Why You Should Prepare for Another Year of Slow Growth and High Unemployment

The Federal Reserve Bank of Philadelphia has released its latest forecasts for unemployment over the next several years, and the news isn’t good. By the fourth quarter of 2012 –- election time –- unemployment is expected to be at 8.7 percent. Worse, unemployment isn’t expected to dip below 8 percent until 2014. This could change if growth speeds up over the next year, but the prospects for that aren’t good. For the unemployment rate to drop by any amount, real GDP needs to grow by at least 2 percent. To see a significant reduction in employment, GDP growth needs to reach 4 percent or higher. According to Fed forecasts, the odds for that kind of growth in 2012 are incredibly low:

In other words, when you average the predictions made by Fed forecasters, odds of 2 percent to 3 percent GDP growth in 2012 are around 40 percent. The odds for 3 percent to 4 percent growth are below 20 percent, and the odds for anything greater are below 10 percent. The forecast for 2013 is improved -– the odds for 3 percent to 4 percent growth increase to 20 percent –- but not by much.
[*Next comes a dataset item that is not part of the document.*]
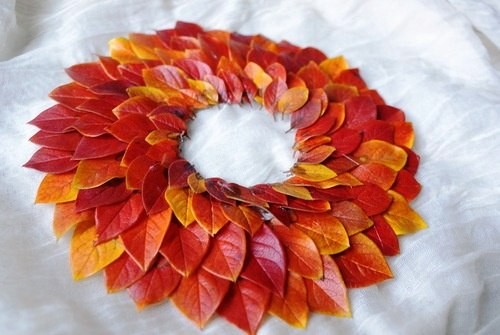 Осенний венок для декора на стену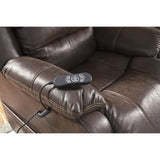 Leatherette Metal Frame Power Recliner with Adjustable Headrest, Brown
To speculate for a bit, if Mitt Romney is elected president –- with a Republican Congress –- will he be able to bring the GOP along for a new stimulus package? If Republican opposition to macroeconomic stablization is purely cynical, then I wouldn’t be shocked if Romney begins his presidency with a “Job Creation and Small Government Act of 2013.” But if some Republicans are genuinely opposed to stimulus –- and 2013 begins with a renewed focus on austerity measures -– it’s possible that we’ll see a mirror image of 2009-2012, where Democrats are reinvigorated by economy-driven discontent with Republicans and, as a result, win large majorities in congressional and off-year elections.